The thing is. If she was 70 now, (maaaaaaaybe she could have been early 80s?) then this is the music that was out in her twenties or early thirties. So, it's not like "I Don't Understand This New Music." And she didn't say "I"m sorry but Paul Simon once attacked my sister with a toaster, and Leonard Cohen sounds like someone put the record on the wrong speed, could you please put on some Motown or Broadway musicals?" She basically said "Any music with any sense of artistry sounds Loud to me, and I won't be forced to listen to it. So I'm demanding this restaurant find a station that plays music based on one of America's truly original art forms. But don't play the original stuff. That was made by (and who knows what she'd say her, but it would probably be innacurate, and it would defnitely be problematic). Nay. Play the subgenre populated almost exclusively by white people who subsist solely on porridge and raisins and who don't realize that noodling on a saxaphone while turning in circles is cute when an otter does it but a human caught doing it should be as ashamed as if they'd been caught masturbating to pictures of themselves photoshopped near famous landmarks.
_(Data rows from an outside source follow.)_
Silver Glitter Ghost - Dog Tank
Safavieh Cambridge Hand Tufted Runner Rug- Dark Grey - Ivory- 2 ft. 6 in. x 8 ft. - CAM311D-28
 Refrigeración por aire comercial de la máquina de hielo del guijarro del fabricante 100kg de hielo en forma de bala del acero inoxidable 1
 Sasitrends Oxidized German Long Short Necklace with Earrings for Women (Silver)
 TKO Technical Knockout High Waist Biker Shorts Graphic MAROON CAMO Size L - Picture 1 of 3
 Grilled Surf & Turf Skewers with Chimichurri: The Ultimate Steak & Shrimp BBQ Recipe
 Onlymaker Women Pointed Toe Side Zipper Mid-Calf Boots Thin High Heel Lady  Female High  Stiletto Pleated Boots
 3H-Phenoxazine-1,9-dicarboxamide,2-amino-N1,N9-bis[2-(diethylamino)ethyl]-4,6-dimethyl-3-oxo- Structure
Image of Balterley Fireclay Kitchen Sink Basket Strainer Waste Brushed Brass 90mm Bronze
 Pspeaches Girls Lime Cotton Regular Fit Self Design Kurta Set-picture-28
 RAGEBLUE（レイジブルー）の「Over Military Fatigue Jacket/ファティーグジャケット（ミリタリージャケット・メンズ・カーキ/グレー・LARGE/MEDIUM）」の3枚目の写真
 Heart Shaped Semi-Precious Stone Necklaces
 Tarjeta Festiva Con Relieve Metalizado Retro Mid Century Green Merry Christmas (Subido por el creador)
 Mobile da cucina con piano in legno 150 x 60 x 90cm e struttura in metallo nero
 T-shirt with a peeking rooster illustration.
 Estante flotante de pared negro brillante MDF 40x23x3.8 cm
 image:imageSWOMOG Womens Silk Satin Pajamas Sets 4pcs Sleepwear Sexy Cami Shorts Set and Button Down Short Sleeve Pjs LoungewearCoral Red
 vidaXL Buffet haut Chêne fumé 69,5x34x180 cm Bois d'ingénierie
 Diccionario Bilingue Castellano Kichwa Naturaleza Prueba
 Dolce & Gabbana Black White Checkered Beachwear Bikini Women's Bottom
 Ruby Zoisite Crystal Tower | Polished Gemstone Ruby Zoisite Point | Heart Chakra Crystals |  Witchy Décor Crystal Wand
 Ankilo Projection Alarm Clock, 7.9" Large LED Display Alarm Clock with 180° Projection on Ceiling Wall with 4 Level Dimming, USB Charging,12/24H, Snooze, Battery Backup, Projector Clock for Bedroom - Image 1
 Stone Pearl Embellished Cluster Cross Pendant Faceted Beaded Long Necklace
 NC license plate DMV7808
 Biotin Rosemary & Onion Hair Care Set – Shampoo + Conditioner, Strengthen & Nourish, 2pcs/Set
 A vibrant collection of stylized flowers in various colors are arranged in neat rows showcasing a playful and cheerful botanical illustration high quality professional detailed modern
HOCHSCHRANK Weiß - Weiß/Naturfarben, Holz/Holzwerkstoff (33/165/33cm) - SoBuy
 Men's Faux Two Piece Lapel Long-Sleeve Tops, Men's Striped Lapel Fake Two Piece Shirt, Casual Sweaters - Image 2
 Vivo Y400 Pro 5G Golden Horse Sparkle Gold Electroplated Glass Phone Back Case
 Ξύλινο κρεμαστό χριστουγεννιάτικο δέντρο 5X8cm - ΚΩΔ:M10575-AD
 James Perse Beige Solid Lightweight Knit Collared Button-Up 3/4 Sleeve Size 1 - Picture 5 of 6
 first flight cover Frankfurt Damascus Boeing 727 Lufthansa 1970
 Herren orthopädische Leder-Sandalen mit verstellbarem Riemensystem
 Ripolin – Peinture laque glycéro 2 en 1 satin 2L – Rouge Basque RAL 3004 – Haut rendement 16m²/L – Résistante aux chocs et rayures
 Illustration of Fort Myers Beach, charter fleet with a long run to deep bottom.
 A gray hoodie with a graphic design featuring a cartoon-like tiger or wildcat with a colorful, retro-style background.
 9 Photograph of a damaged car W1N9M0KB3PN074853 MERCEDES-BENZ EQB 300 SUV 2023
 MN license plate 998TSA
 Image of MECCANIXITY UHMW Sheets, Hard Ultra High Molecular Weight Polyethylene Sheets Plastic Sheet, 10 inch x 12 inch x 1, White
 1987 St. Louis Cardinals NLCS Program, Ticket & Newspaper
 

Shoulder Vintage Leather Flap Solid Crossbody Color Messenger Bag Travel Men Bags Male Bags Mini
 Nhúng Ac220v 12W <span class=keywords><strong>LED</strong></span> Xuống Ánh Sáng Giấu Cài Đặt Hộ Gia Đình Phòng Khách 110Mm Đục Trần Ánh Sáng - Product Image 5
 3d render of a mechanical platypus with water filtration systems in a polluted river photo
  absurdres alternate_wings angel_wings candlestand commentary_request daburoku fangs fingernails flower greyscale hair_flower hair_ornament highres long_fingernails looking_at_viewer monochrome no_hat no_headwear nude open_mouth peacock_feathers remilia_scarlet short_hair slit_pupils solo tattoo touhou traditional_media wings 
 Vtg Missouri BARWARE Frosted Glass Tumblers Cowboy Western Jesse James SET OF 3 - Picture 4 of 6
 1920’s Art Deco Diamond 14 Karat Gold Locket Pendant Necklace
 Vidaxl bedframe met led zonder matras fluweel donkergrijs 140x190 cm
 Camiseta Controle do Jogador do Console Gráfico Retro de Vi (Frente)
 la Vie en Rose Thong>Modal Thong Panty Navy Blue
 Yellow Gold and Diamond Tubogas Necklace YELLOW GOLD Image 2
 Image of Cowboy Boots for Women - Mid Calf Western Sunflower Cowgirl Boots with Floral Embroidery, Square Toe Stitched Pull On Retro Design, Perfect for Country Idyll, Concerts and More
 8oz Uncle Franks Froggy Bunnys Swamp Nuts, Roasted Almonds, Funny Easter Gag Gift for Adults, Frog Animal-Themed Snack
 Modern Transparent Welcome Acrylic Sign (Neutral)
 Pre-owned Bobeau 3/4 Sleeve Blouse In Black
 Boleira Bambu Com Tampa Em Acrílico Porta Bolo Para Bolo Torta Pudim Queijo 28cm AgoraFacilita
Spokem word poets shouldn't really shit on performers from other genres, but I feel like Smooth Jazz musicians are a safe target.
Nobody should force an entire restaurant to listen to smooth jazz at 2pm on a Friday.
The server said she didn't control the radio, but she'd see what she could do.
For a brief, Wonderful moment, the Ramones "Blitzkrieg Bop" played, and I imagined Betina Neverworkedforaliving having an aneurysm and dying right there in the diner. But, alas, after a mere verse, the music changed to smooth jazz.
"You know," I said to Comrade, "We don't work here. We could totally walk by their table on the way out and say 'People like you shouldn't be allowed out in public. I bet your grandkids can't wait to put you in a really cheap nursing home.'" (This is something I would obviously never actually do. But I do love imagining doing it.)
Comrade nodded. "It's not like they're going to tip the server anyway."
But we just put our coats on and left, though I did eyedagger the woman and shake my head at her. I hope I gave her something she spent the rest of the day complaining about to her husband.